2
Yorum
0
Beğeni
0,0
Puan
593
Okunma
1995-96 ders yılıydı.
Grubumuzda 4 ilköğretim müfettişi idik.Biri de şimdi aramızda olmayan Mustafa Özata idi.
Ki bu arkadaşımız müthiş espritüel ancak biraz da içkiye teslim olur mahiyeti vardı.
Hatta bir gün kendisine,
-Yahu Özata,hem Karadenizli olacak,hem de böyle kibar bir soyadı olacak.Bunda bir sorun var bence diyerek takılmıştım.
-Haklısın Sabri.Valla benim esas soyadım bu değil,sonradan değiştirerek aldım bu soyadını.İlk soyadımız Boynuz idi.Hatta karşılaştığın Karadenizlilere Mustafa Özata’yı sor,bak kimse tanımaz ama Mustafa Boynuz de herkes tanır,demişti.
Aynen öyle yaptım.
Karşılaştığım Karadenizlilere sordum,Özata’yı hiç tanıyan çıkmadı,ama Boynuz deyince herkes bildiğini söyledi.
Beşikdüzü’nden idi rahmetli Özata.
Neyse...
Bir gün Gaziosmanpaşa’da bir okulda teftişe gider ve girdiği sınıf da 5.sınıftır.
Bakar herkes önlüklüdür ama biri var ki bedenen "irileştiği "için ceketli olarak sınıfta oturmaktadır.
Bir şey sormaya kalkınca,sınıfın hepsi birden,
-Öğretmenim,ona sormayınız,o tembel,bilmez derler.
Özata bunun altında kalmayacak kadar zekiydi.
-Çocuklar,hemen karar vermeyiniz,mutlaka onun da bildikleri vardır!
O sırada çocuğa döner,
-Söyle bakalım,senin dedenin adı nedir?
-Hasan!
-Sen dedenin nesi olursun diye de devam eder.
-Torunu olurum öğretmenim!
-Bak gördünüz mü çocuklar,arkadaşınızın da bildiği varmış.Hemen "tembel" diye niye nitelemektesiniz!
O yıllardır,horlanan,itilen çocuk,müfettişten aldığı cesaretle,sınıfa döner ve usturuplu bir "küfür" savurur.
Şimdi 20 yıla yakın zaman geçti.
O çocuğun hali hep aklımdadır,savurduğu küfür de!

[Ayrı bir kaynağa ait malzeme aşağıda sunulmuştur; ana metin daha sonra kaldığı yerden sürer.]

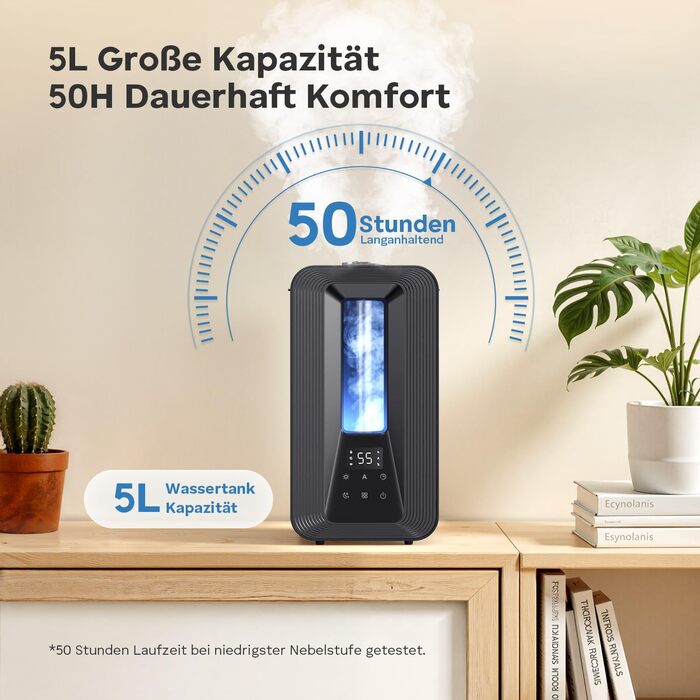 Зволожувач повітря AROEVE 5L з верхнім заповненням, ультразвуковий, з аромадифузором, гігростат, нічник, тихий (25dB), для дому, офісу, рослин, дітей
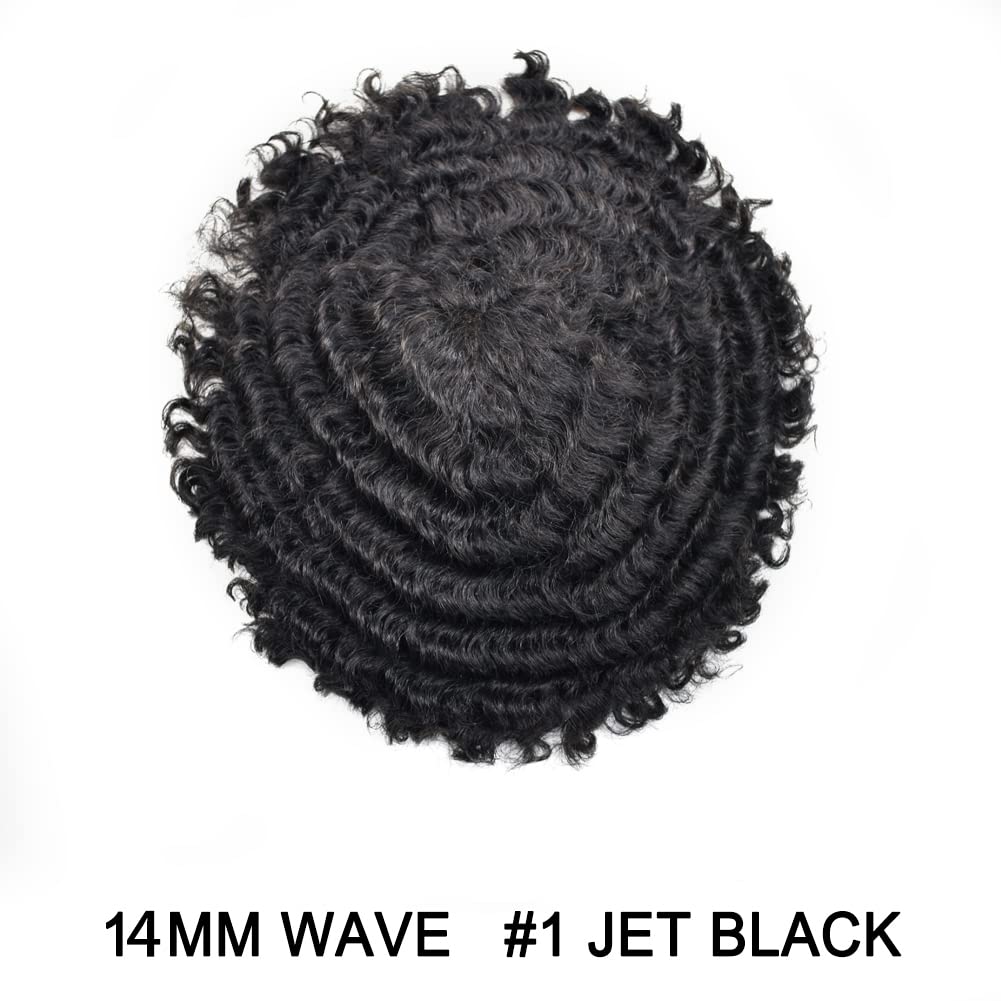 Men's Afro Wig - Brazilian Human Hair Replacement System for Black Men - 14MM Kinky Curly Afro Weave with Full PU Poly Skin - Jet Black (#1) - Perfect for Cosplay, Daily Wear & Hair Loss Solutions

Bunu hatırladıkça aklıma İranlı düşünür Firdevsi gelir,onun şu sözü de:
-Ağacı kanla sulamayın,dalları intikamını sizden alır!
Çocuğun yaptığı tam da buydu işte.
Hem bu olayı anmak,hem de Özata’yı rahmetle /saygıyla yad etmek istedim / istiyorum.
Ve bu söz yıllardır da bana kılavuzluk eder hep.